- Film poster
- Directed by: Will Wernick
- Written by: Jason Rosen
- Starring: Michael Kelly; Kevin Pollak; Dennis Haysbert; Mena Suvari;
- Production company: Ikigai International
- Distributed by: Vertical
- Release dates: September 8, 2025 (Toronto International Film Festival); June 12, 2026 (United States);
- Running time: 107 minutes
- Country: United States
- Language: English

= Time of Death (2025 film) =

Time of Death (original title Closure) is a 2025 American psychological thriller mystery film directed by Will Wernick and written by Jason Rosen.

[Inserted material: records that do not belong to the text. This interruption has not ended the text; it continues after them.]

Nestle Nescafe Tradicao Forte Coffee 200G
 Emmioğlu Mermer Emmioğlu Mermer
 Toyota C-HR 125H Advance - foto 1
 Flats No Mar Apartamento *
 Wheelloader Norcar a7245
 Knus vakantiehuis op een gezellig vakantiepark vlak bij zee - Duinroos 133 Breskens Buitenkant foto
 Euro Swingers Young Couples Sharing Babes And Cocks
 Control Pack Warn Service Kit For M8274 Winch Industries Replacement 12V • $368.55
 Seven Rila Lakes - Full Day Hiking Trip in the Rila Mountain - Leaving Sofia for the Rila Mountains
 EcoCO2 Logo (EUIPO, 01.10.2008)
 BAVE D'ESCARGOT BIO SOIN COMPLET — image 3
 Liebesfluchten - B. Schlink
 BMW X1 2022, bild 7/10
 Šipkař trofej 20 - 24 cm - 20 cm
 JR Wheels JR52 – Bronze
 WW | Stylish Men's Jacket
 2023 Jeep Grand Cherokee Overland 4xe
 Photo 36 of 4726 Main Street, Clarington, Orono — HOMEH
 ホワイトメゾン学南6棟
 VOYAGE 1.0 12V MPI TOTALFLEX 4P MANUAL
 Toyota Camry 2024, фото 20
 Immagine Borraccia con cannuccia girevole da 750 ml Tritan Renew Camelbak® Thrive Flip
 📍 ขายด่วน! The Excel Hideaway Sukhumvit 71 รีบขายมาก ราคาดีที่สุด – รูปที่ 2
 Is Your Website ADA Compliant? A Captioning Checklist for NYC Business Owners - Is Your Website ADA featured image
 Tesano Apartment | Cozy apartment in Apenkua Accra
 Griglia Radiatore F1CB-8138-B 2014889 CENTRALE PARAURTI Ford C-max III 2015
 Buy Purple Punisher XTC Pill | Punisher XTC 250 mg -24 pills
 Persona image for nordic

It stars Michael Kelly, Kevin Pollak, Dennis Haysbert, and Mena Suvari.

==Synopsis==
In December 1987 Frank Morley, a Department of Corrections officer still struggling with the deaths of his wife and child, investigates the mysterious disappearance of a prisoner from a decaying, isolated penitentiary.

==Cast==
- Michael Kelly as Frank Morley
- Kevin Pollak as Warden Beau LaRue
- Dennis Haysbert as Officer Dale Aarons
- Mena Suvari as Dr. Alison Burrell
- Noel Gugliemi as Hector Ramos

==Production==
The film was written by Jason Rosen and directed by Will Wernick. The project was originally titled Closure and later retitled Time of Death. The film was shot on location in and around Moundsville, West Virginia, including the former West Virginia Penitentiary. The prison's deteriorated condition was used to create the film's atmosphere.

==Release==
The film premiered on September 8, 2025, under its original title Closure at the 2025 Toronto International Film Festival. In May 2026, it was announced that Vertical had acquired the film for release in the United States. It was released in select theaters and through video on demand on June 12, 2026.

==Reception==
Cody Hamman of JoBlo.com gave the film a 7/10 rating, writing "I wasn't always entirely sure what was going on in Time of Death, as the film blurs reality, nightmares, visions, and flashbacks, but it all comes together in the end, and I was engaged every step of the way."